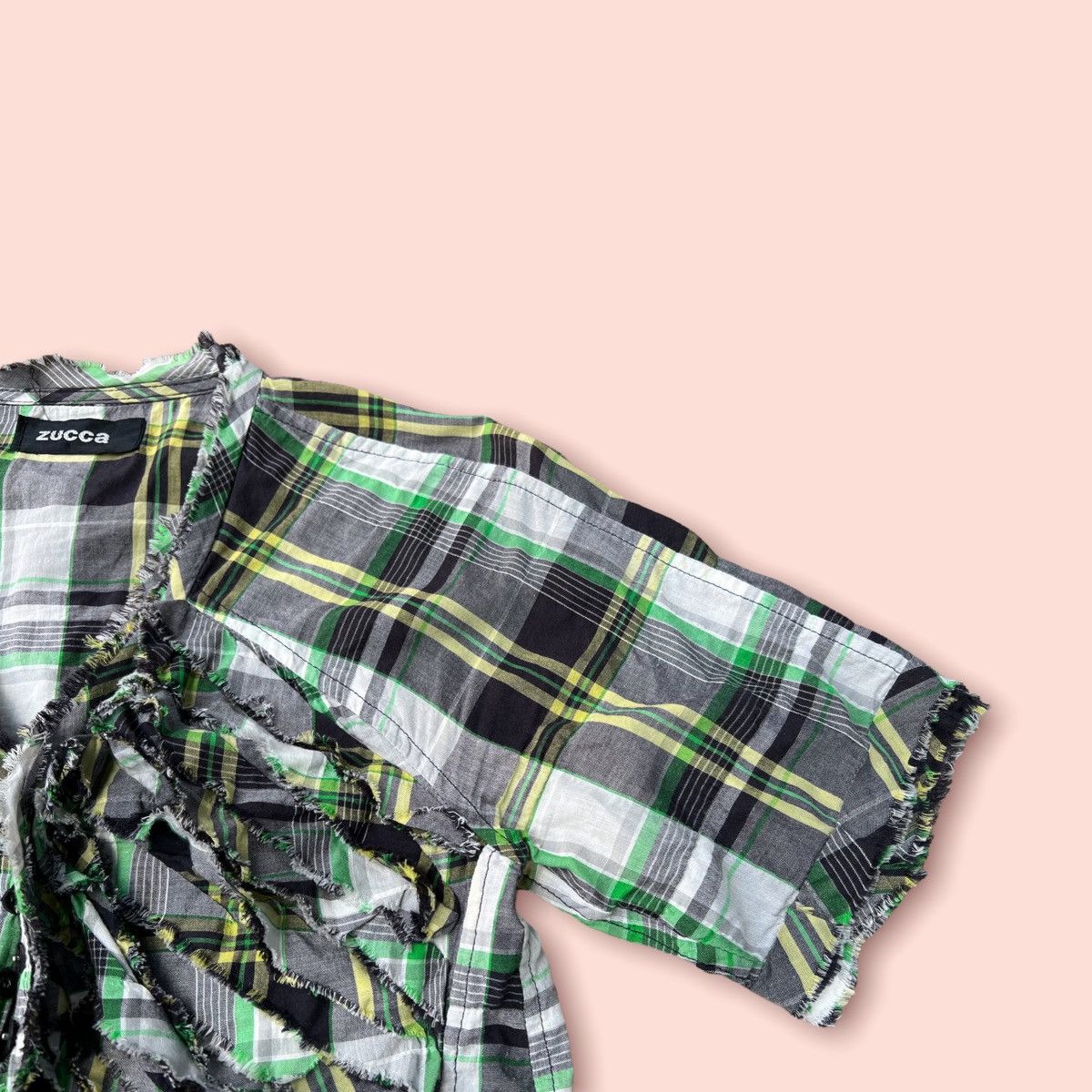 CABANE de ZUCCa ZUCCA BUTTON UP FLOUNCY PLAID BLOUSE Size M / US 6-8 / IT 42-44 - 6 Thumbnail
================
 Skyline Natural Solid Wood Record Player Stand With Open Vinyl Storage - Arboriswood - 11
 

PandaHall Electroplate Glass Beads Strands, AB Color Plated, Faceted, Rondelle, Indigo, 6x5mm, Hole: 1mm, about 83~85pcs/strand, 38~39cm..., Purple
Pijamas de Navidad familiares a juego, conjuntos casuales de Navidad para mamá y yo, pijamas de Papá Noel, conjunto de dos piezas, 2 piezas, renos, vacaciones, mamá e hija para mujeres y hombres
================
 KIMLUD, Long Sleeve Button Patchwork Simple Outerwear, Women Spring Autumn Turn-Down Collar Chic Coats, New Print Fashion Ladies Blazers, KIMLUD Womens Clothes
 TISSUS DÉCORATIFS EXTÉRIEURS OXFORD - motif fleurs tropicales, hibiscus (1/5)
================
◆ **What you should do**:
Above this instruction are the records; retype exactly the lines from the one containing "KIMLUD, Long Sleeve" up to and including the one containing "TISSUS DÉCORATIFS EXTÉRIEURS".

◆ **Written answer**:
 KIMLUD, Long Sleeve Button Patchwork Simple Outerwear, Women Spring Autumn Turn-Down Collar Chic Coats, New Print Fashion Ladies Blazers, KIMLUD Womens Clothes
 TISSUS DÉCORATIFS EXTÉRIEURS OXFORD - motif fleurs tropicales, hibiscus (1/5)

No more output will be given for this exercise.